Eleito em dezembro, o presidente da OAB-SP, Caio Santos, disse que o momento é de união em defesa do que ele chamou de “bandeira da sociedade brasileira”, parte do Estado democrático de direito. “Em respeito ao cidadão é que não podemos tergiversar e retroceder em relação às conquistas civilizatórias.”

A aparente reconsideração de Jair Bolsonaro em relação ao tema foi vista como positiva pelo presidente da Associação Nacional dos Magistrados da Justiça do Trabalho (Anamatra), Guilherme Feliciano, mas ele lembrou que a “cantilena” não começou agora. Citou até o ex-senador e ex-ministro Antônio Carlos Magalhães como exemplo de que a ofensiva contra o Judiciário é antiga.

“Esperamos e acreditamos que, se havia essa intenção (de acabar com a Justiça trabalhista), ela foi reconsiderada”, disse Feliciano, para quem esse ramo do Judiciário é “um patrimônio institucional do Estado e da sociedade”. O magistrado lembrou que haverá um ato nacional, em 5 de fevereiro, em defesa da Justiça. O evento será realizado em Brasília. Ontem (21), foram realizadas manifestações em várias cidades do país.

Interferência entre poderes

O presidente da Anamatra também refutou observações que costumam ser repetidas, inclusive por Bolsonaro, de que os trabalhadores “ganham tudo” no Judiciário, observando que a “esmagadora maioria” das decisões é de procedência parcial das demandas.

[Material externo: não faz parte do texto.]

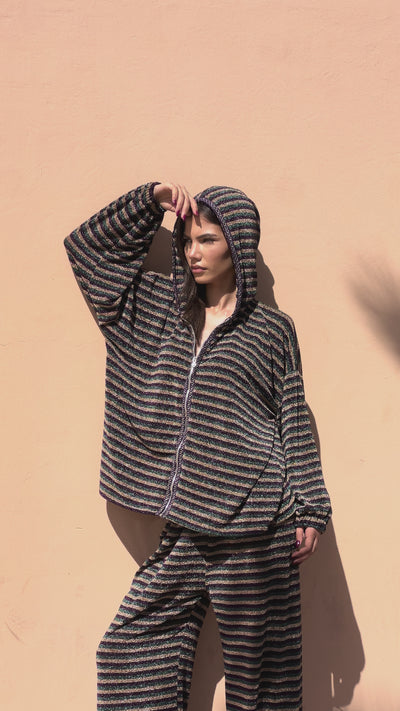 Gold, green and burgundy brocaded jacquard hoodie and pants ensemble with Moroccan sfifa, a modern and elegant outfit.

Ele se manifestou a favor de certa reestruturação do setor. “Por que não pode apreciar crimes contra a organização do trabalho ou questões previdenciárias derivadas de suas decisões?”, questionou.

Presidente da Amatra, a associação dos magistrados da 2ª Região, Farley Ferreira criticou o que considerou “interferência do Executivo na estrutura do Judiciário”, citando o dispositivo constitucional de independência entre os poderes. “Isso é muito grave”, afirmou.

O professor Antônio Rodrigues de Freitas Jr., da Faculdade de Direito da Universidade de São Paulo (USP), também considerou que se trata de uma agenda de “deslegitimação do Direito do Trabalho”, por meio de uma narrativa segundo a qual “é possível mexer na instituições”, inclusive a imprensa, pelo menos aquela “que não é deferente com os governantes de plantão”.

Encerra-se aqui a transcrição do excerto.